Suriname is the home of an estimated 800 people of Wayana descent. In the three countries that are home to the Wayana, there is an estimated population of 2500 Wayana people. There are elementary schools in Palumeu and Puleowime (Apetina). Most children from Kawemhakan (Anapaike) go to elementary school in French Guiana. However, few of them are allowed to attend high-school there. Wayana children have virtually no options for continuing their education at a Surinamese high school or technical training center. Opportunities for adult education, skills training or alternative forms of educations are practically nonexistent. The children grow up with one language, Wayana and may learn a little Dutch or French when, and if, they go to school. Few Wayana speak Dutch, the official language of Suriname, and men are more likely to do so than women. Also, relatively more men speak the lingua franca, Sranantongo.

In addition, some ceremonial languages are spoken. Even though access to education is limited, the majority of Wayana men and women are literate. Wayana men and women from the Lawa region have, on average, received more years of formal education than Wayana from the Tapanahoni region. Today, almost all Wayana are Baptist and this religion is a dominant factor in social and cultural life.

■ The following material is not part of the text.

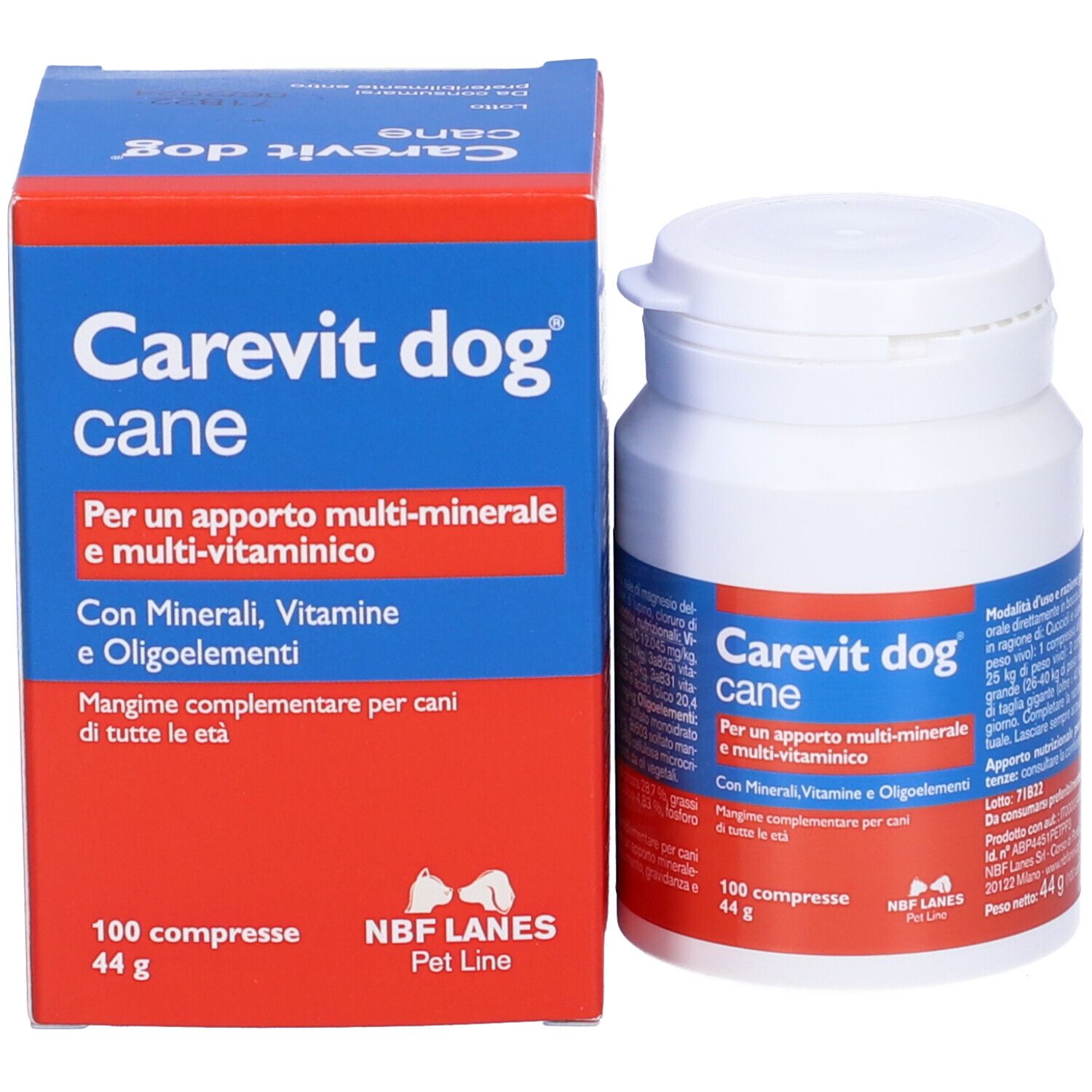 Prodotto Carevit dog con flacone e scatola. Scatola rossa e blu. Flacone bianco con etichetta rossa e blu.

As a result, traditional dances, songs, stories, cosmology, and other cultural expressions are rarely practiced and unknown to most Wayana children. Some shamans are still active as healers, but they no longer publicly perform rituals involving their connection with the spirit world.

The French and Brazilian governments have had some cultural preservation projects in the Wayana villages, but unfortunately nothing of a sustainable nature. The elders still possess ancient and traditional knowledge, but this knowledge is fading quickly. As the possibility of losing this knowledge rises, it is very important that we record these tales and stories as soon as possible, so that we preserve it for generations to come. Luckily, in recent years we have become more aware of the value of our cultural heritage.

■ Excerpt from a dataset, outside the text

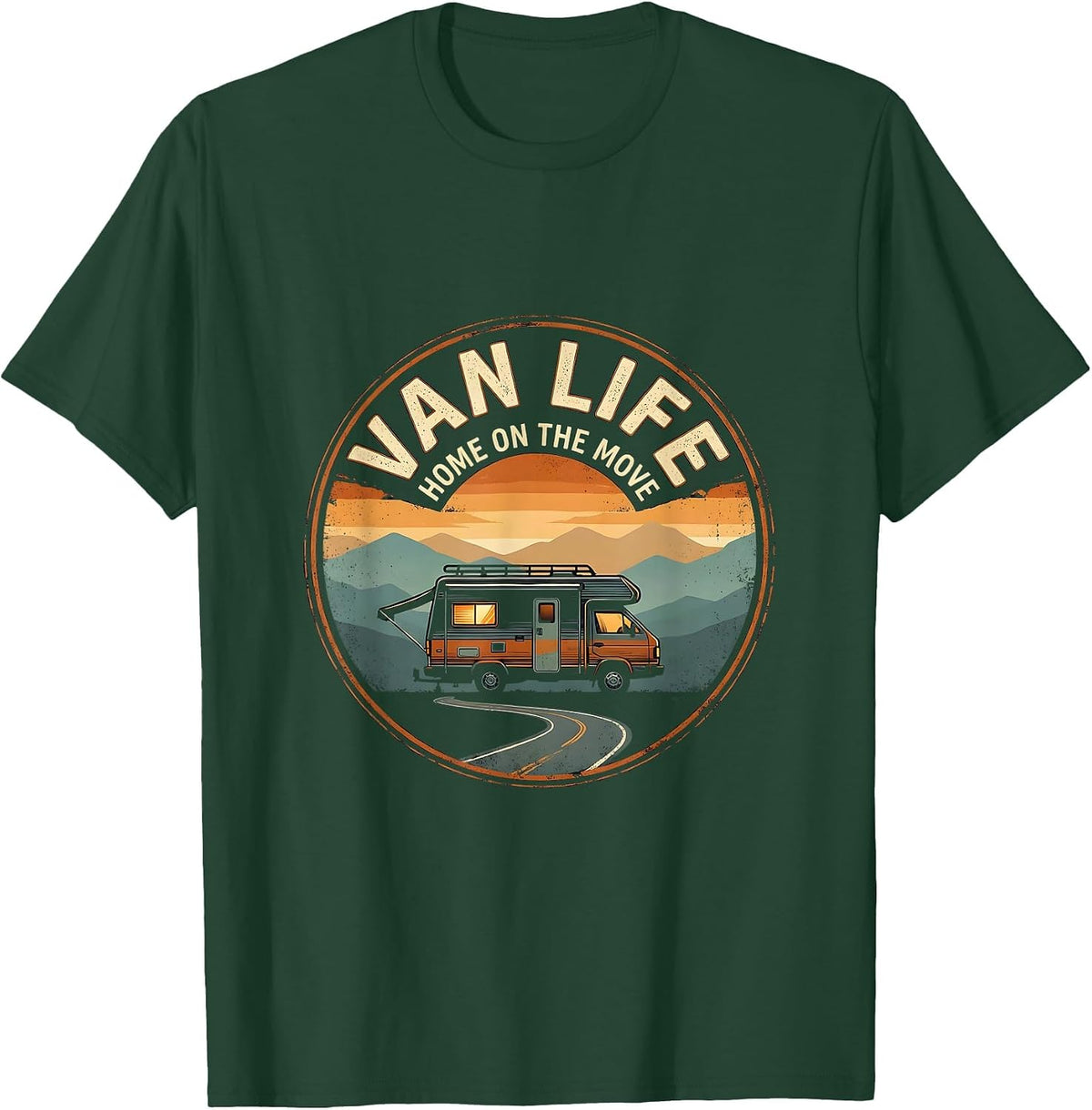 Van Life Home On The Move Vintage Retro Camper Nomad Pride T-Shirt - Dark Green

FPIC and Engagement Protocol; how to work with the Wayana Indigenous

The Wayana Indigenous Peoples have never been colonized, as all its communities are located in the remote and dense areas of the Northern Amazon region of South America. The Wayana are proudly indigenous, and fought many wars with other Indigenous tribes, not even that long ago, to defend and conquer the territories in which they still live today.

The Wayana are a curious people and always want to get acquainted with other people, communities, and cultures. However, we demand respect; nobody possesses the right to tell us what we must do, or how to live our lives. We make our own decisions on our own terms.

Many, especially conservation organizations, have in recent years tried to convince us to live our lives differently. From our side, the response has always been: why? We have lived in our territories for many centuries, and possess all the traditional knowledge about our forest, animals, and nature. This leaves us to wonder: who are you to tell us what we should do? The forest still exists today thanks to us, WE are the forest!

It is true; we strive for development, but NOTHING ABOUT US, WITHOUT US! We want partners, not colonizers. As such, we have developed our own engagement protocol, based on the UN Indigenous right and FPIC guidelines: the Wayana Consultation Protocol. If organizations want to work with us, simply respect our rights, and we can become friends for many years to come.